My question is, what is y'all's advice? Should I continue to free feed both of his meals or should I develop a feeding schedule with him (pick up bowl after 20 minutes)? If a feeding schedule is on order, should I coax him with steak in his bowl along with the kibble?


Thank you so much for your time
rox


----------



## Mary Beth (Apr 17, 2010)

Your dog is growing up and isn't always going to be hungry. I certainly won't wake him up to eat - it isn't going to hurt him to miss a meal. If you stay with a scheduled meal time, put his food down but don't tempt him to eat with tidbits of steak or anything else or changing foods, because then he will become a very picky eater, and will have learned that if he holds out he'll get something better. If you want to put something extra in his food, put it on the bottom. Leave the food down for 20 minutes and remove. I feed my Sting three times a day, and some meals he isn't hungry so won't eat - that's fine. My dobe was on free feeding when I got her as an adult, so I stayed with it, she did well on it.


----------



## doggiedad (Dec 2, 2007)

rule out anything medical. maybe you're feeding to much.


----------



## roxmysox999 (Mar 30, 2013)

He was at the vet a week ago and everything is fine. Activity is normal, everything seems well.

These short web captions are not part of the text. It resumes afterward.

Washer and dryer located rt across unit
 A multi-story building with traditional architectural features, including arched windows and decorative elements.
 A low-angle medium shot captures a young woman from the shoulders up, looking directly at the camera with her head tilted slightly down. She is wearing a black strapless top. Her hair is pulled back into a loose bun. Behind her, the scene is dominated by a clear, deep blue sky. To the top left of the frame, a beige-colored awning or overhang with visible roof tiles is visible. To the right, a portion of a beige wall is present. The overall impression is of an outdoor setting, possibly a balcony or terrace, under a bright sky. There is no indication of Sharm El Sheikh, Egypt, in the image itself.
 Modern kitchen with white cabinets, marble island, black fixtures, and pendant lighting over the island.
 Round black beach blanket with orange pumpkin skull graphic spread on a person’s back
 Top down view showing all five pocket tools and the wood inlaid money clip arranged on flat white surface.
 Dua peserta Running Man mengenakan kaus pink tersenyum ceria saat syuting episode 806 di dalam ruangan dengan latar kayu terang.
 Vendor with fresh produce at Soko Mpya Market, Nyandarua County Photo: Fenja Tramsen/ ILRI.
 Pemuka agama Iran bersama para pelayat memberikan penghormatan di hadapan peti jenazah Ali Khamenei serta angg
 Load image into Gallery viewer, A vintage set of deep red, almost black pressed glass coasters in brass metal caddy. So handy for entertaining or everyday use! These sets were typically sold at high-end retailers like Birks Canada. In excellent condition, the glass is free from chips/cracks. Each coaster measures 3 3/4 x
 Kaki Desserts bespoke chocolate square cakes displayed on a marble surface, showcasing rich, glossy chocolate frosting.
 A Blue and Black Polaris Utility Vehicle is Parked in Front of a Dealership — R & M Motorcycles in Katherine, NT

According to the orijen lbp bag and his estimated adult weight, he should be eating between 3.75 and 4.5 cups. He is probably on the small side of that range and should be eating around 3.75 cups.


----------



## roxmysox999 (Mar 30, 2013)

Mary Beth said:


> Your dog is growing up and isn't always going to be hungry. I certainly won't wake him up to eat - it isn't going to hurt him to miss a meal. If you stay with a scheduled meal time, put his food down but don't tempt him to eat with tidbits of steak or anything else or changing foods, because then he will become a very picky eater, and will have learned that if he holds out he'll get something better. If you want to put something extra in his food, put it on the bottom. Leave the food down for 20 minutes and remove. I feed my Sting three times a day, and some meals he isn't hungry so won't eat - that's fine. My dobe was on free feeding when I got her as an adult, so I stayed with it, she did well on it.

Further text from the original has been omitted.